A oltre un anno e mezzo dall’entrata in vigore in Italia della direttiva europea Mifid2 sulla tutela degli investitori, le informazioni sui costi dei servizi di investimento e sui prodotti finanziari sono spesso fornite in modo incompleto, con modalità non formalizzate e senza indicarne l’impatto sui rendimenti degli strumenti finanziari in portafoglio.
La mancata aderenza delle informazioni trasmesse dagli intermediari italiani agli schemi previsti dalle regole europee riduce la trasparenza e la confrontabilità delle condizioni economiche applicate ai clienti dei servizi di investimento e ne impedisce una valutazione obiettiva.

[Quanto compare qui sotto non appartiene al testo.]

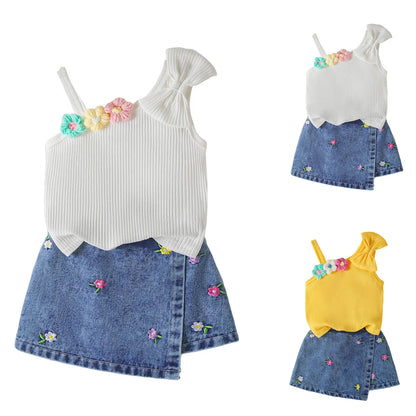 Small Fresh Jeans Skirts Sets Cute Baby Girl Comfortable And Breathable Set Cute Flower Embroidery Short Sleeve Skirt Two Piece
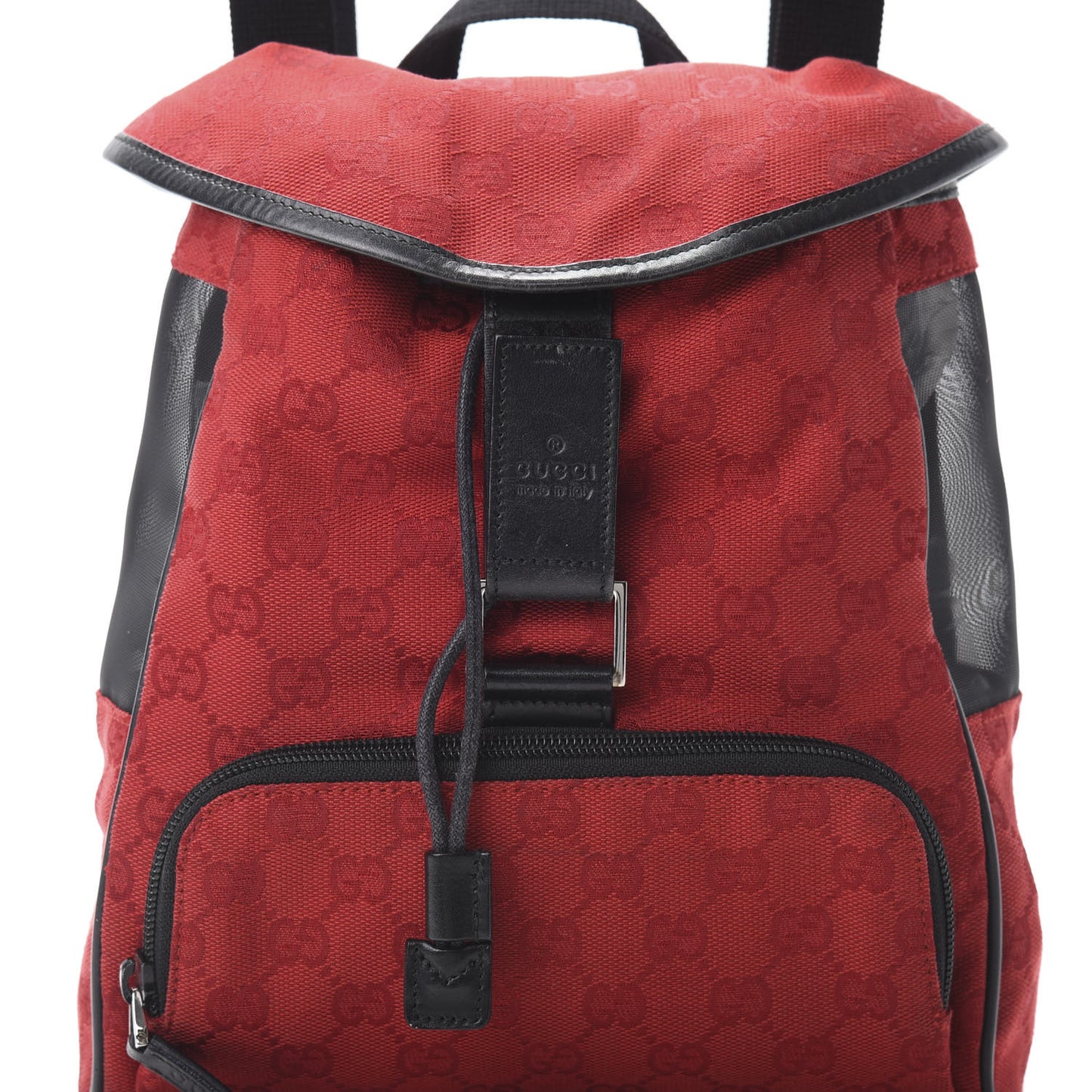 Nylon Monogram Flap Backpack Red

Le lacune sono ancora più significative se si considera che l’applicazione in Italia delle regole della Mifid2 è stata fatta slittare di 12 mesi (era originariamente prevista a gennaio 2017) proprio per consentire a tutti gli intermediari di rispettare i nuovi obblighi di trasparenza.
Sono i principali, allarmanti risultati di uno studio sull’effettivo adeguamento degli intermediari finanziari alla normativa europea a tutela dei risparmiatori introdotta in Italia il 3 gennaio 2018 dalla direttiva Mifid2. La ricerca è stata realizzata da Moneyfarm, società di investimenti online fondata nel 2011, in collaborazione con la Scuola di management del Politecnico di Milano.
COS’E’ MIFID2
Mifid2, la direttiva europea per investire consapevolmente
In vigore da gennaio 2018, prevede regole stringenti sulla trasparenza dei costi dei servizi finanziari. Nonostante i richiami europei e della Consob, gli operatori ancora svicolano
ANALIZZATI I 20 BIG DEL SETTORE
La prima parte della ricerca, resa nota sinora, ha analizzato in particolare la comunicazione dei costi e degli oneri del servizio d’investimento in base alle informative ex ante prodotte da 20 fra i più importanti intermediari finanziari operanti in Italia:
Allianz Bank Financial Advisors,
Azimut Capital Management,
Banco Bpm e Banca Aletti del gruppo Banco Bpm,
Bnl e Bnp Paribas – Life Banker del gruppo Bnp Paribas,
Bper Banca,
Credito Emiliano,
Deutsche Bank,
Fineco Bank,
Banca Generali Private,
Fideuram e Intesa San Paolo private banking del gruppo Intesa Sanpaolo,
Banca Widiba del gruppo Mps,
Ing Bank,
CheBanca! del gruppo Mediobanca,
Banca Mediolanum,
IW Bank del gruppo Ubi,
Unicredit
Unipol Banca.
RISULTATI SCONFORTANTI
I risultati della ricerca sono sconfortanti: nonostante il recepimento delle norme della direttiva europea sia stato posticipata di 12 mesi per consentire a tutti gli intermediari di prepararsi adeguatamente all’adempimento dei nuovi obblighi di trasparenza (l’avvio infatti era originariamente previsto da gennaio 2017), solo il 25% delle aziende di consulenza finanziaria ha una conformità totale alla tabella 1 della direttiva Mifid 2 per quanto riguarda la comunicazione e informativa ex ante dei costi e degli oneri dei servizi di investimento. Un altro 25% non ha alcuna conformità alle richieste della Mifid2. Del restante 50%, una metà (25%) ha una conformità pari ad appena il 20% delle regole Mifid2. Le risposte del campione sono state trattate in forma anonima.